%%

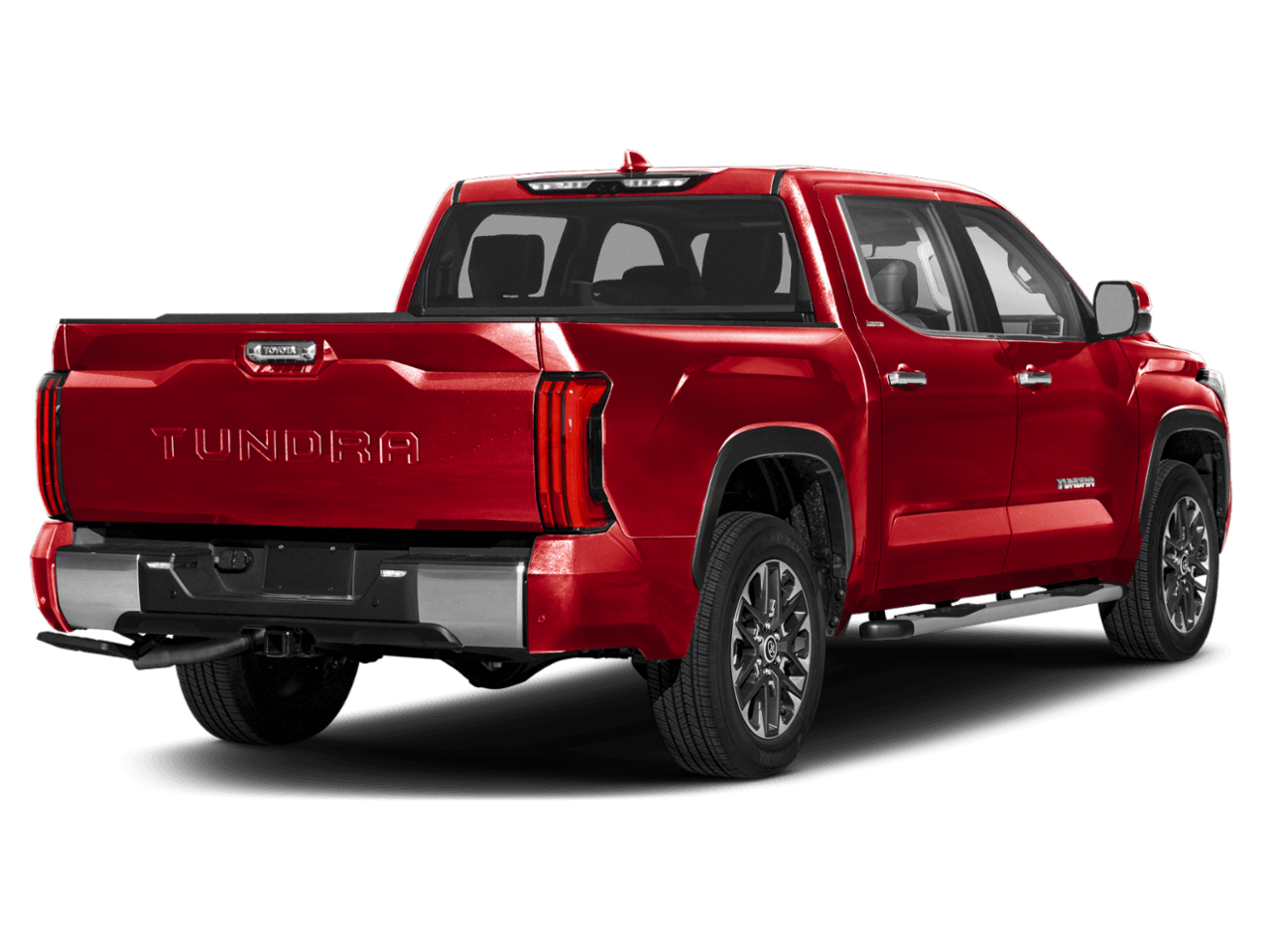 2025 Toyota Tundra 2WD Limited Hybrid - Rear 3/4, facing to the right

%%
%%

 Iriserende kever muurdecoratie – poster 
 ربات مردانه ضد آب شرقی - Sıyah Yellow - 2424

%%
%%

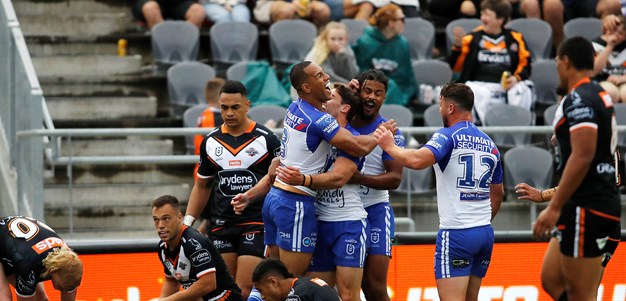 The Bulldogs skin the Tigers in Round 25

%%

* **Task to complete**:
Everything from the line containing "Iriserende kever muurdecoratie – poster" through the line containing "ربات مردانه ضد آب شرقی - Sıyah Yellow - 2424" in the material above should be retyped exactly, both ends included, and nothing more.

* **Response area**:
 Iriserende kever muurdecoratie – poster 
 ربات مردانه ضد آب شرقی - Sıyah Yellow - 2424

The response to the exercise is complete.